Suppose I’m in a house for the night, and a gun has been placed there. Suddenly, an armed intruder breaks in — he’s aggressive, deranged, and all attempts at calming him down have failed. I am faced with the possibility of being killed. In that moment, is it moral to use the gun to defend myself? Or would love require me to sacrifice my life, even for someone bent on violence?
What if the intruder is just a desperate, hungry man with an empty shotgun, trying to scare someone into giving him money for survival? In that case, the scales shift. Here, using the gun may not be moral. There’s still humanity in the intruder. Reciprocity isn’t destroyed — just broken — and perhaps love calls me to listen and help.
And then came the most critical shift in the dilemma: what if there are children in the house with me? Now, it’s no longer about my self-preservation. It’s about protecting the innocent. If I let someone harm them because I refuse to act, is that love? No. That’s abandonment. Here, love becomes justice — and justice means intervening, even if it means using force as a last resort.

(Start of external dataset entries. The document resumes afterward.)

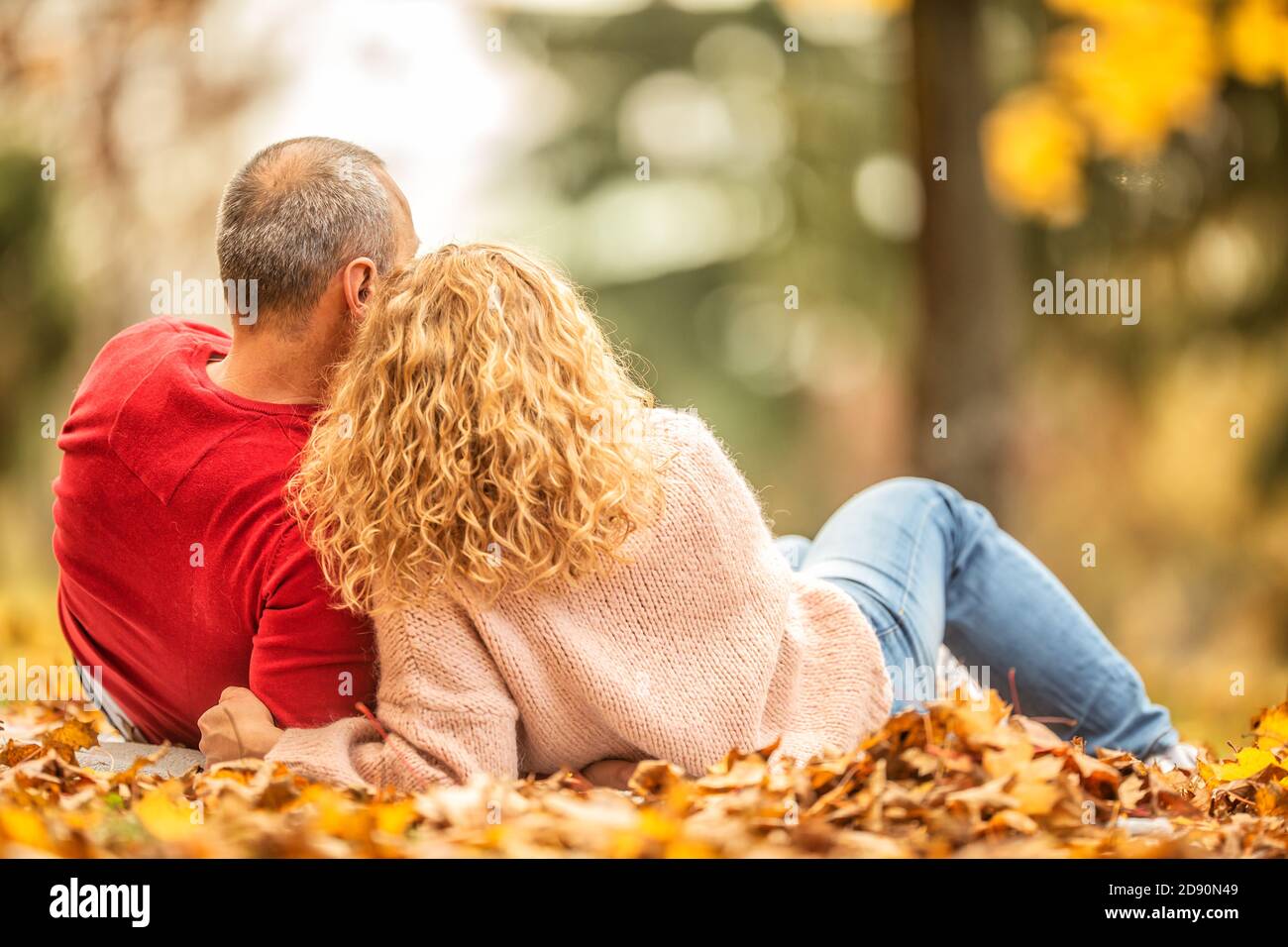 Uomo e donna che hanno un picnic autunnale all'aperto. Foto Stock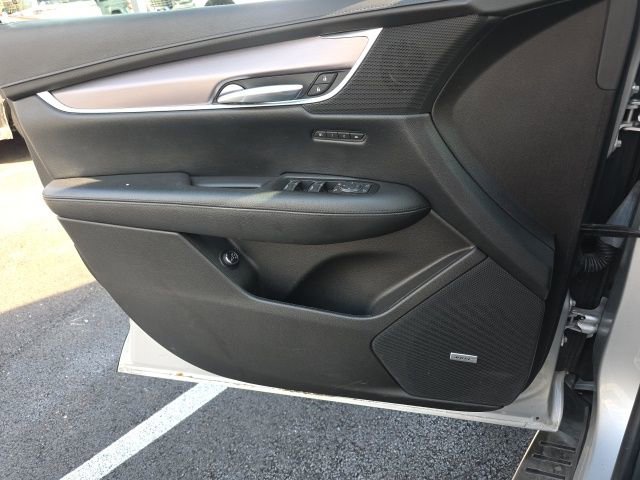 Used 2017 Cadillac XT5 Luxury w/ Driver Awareness Package image 10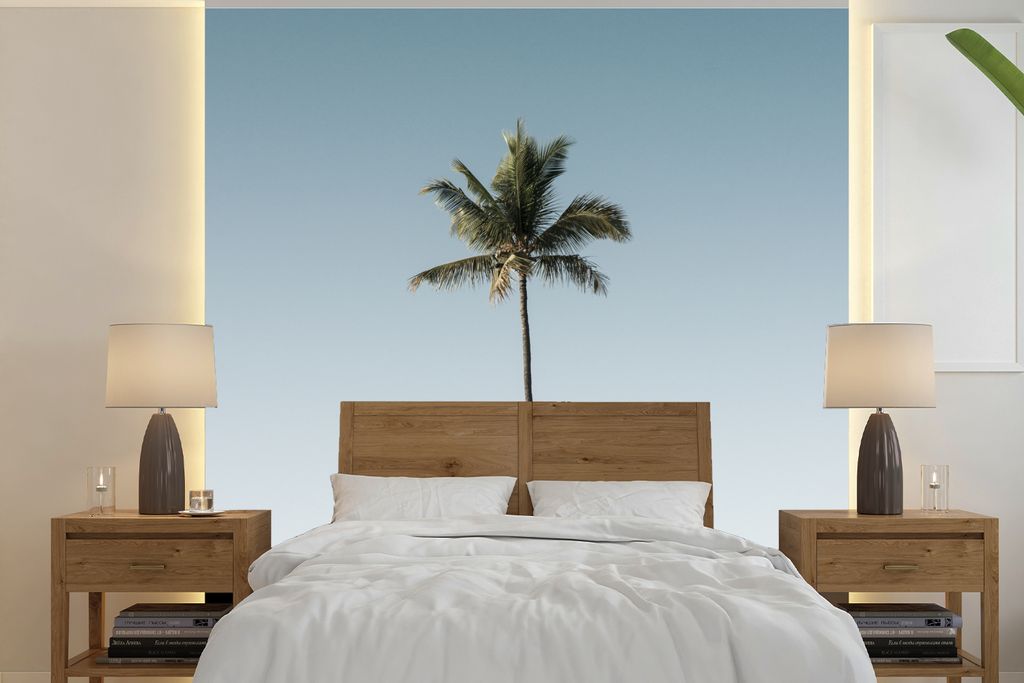 MuchoWow Fototapete für Wohnzimmer oder Schlafzimmer Wandtapete Vinyl Motivtapete Einsame Palme vor blauem Himmel - 350x350 cm - Schlafzimmertapete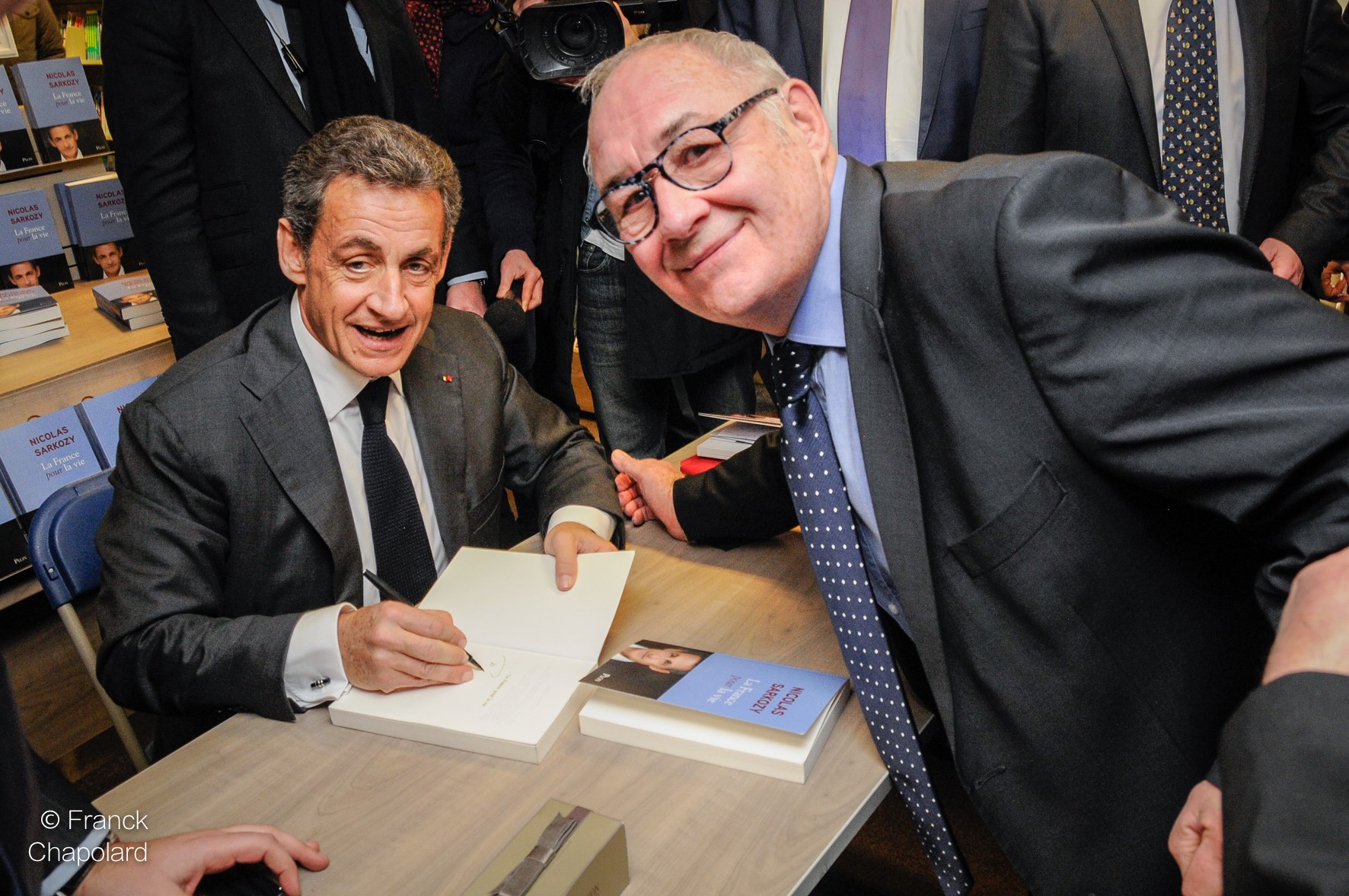 (140) Nicolas Sarkozy à Lyon Dédicace son livre à Lyon pour GB Merci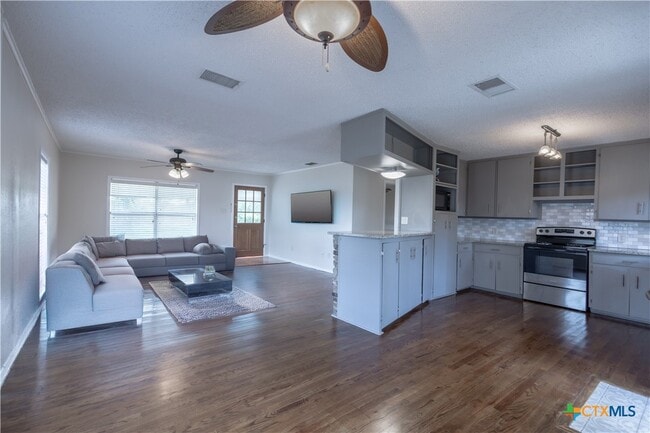 Foto del edificio - 701 Horace Howard Dr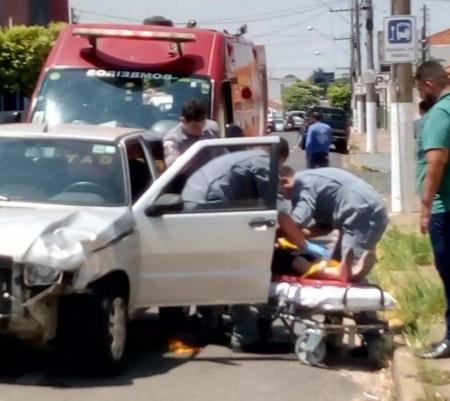 Idosa é socorrida com dores nas pernas após colisão entre veículos no Centro de Dracena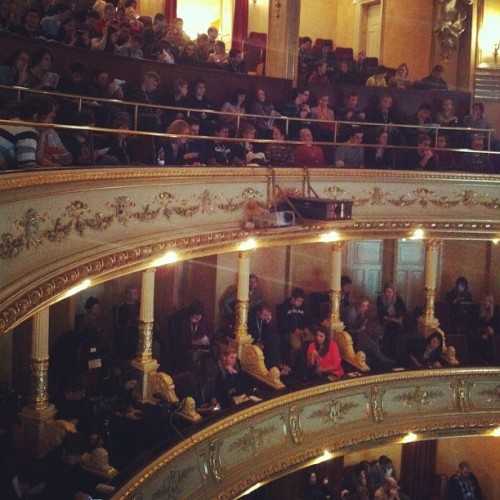 A full opera house
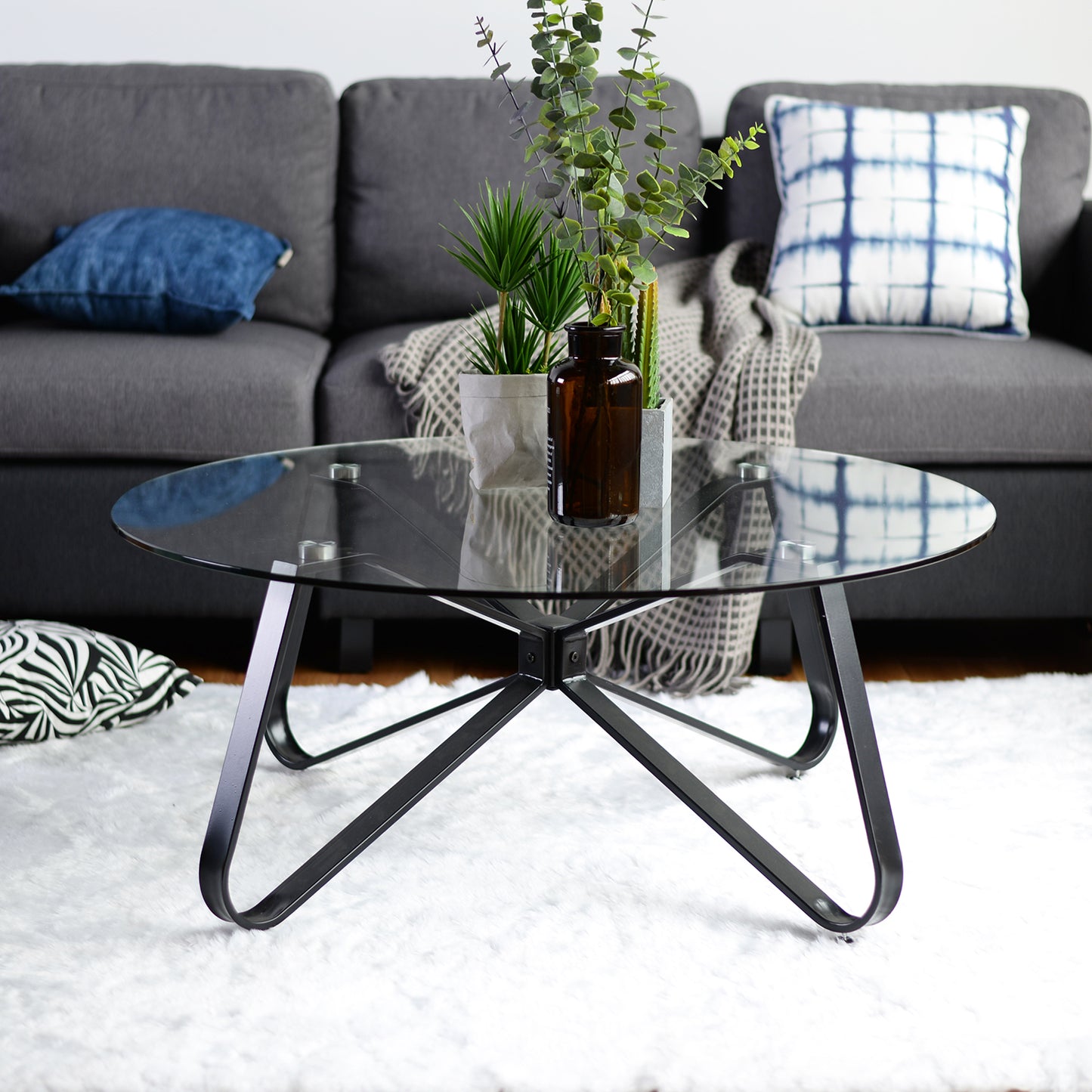 Round Coffee Table 31.5 Inch Modern Tempered Glass Top Metal Legs Accent Side End Table Black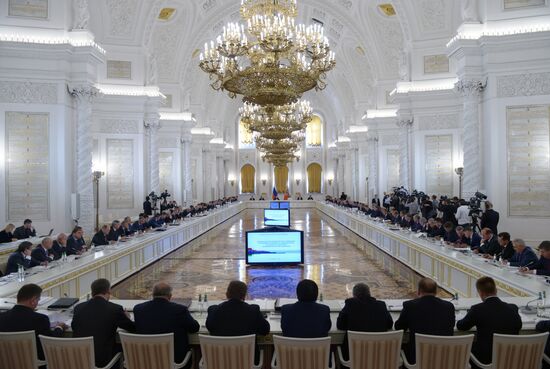 Vladimir Putin holds State Council meeting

In all this reflection, one principle slowly came into focus:
“Put others before yourself.”
It sounds simple, but it isn’t. Because who the “other” is — and what love looks like in each situation — changes the moral responsibility: If the “other” is the attacker, and I am alone, then loving them may mean fleeing, or even sacrificing myself — not because they deserve it, but because Christ calls me to radical mercy. If the “others” are innocent people, like children, then love demands I protect them, even if it means resisting with force — not from hate, but from protective, self-giving love.
What would Jesus do? I think He would do what He always did: act with total, courageous love — mercy for the undeserving, and justice for the innocent. I don’t know that I could be as perfect in discernment as He was. But if I lead with the principle of putting others before myself — not sentimentally, but out of moral responsibility — then I think I’m walking the path he showed us.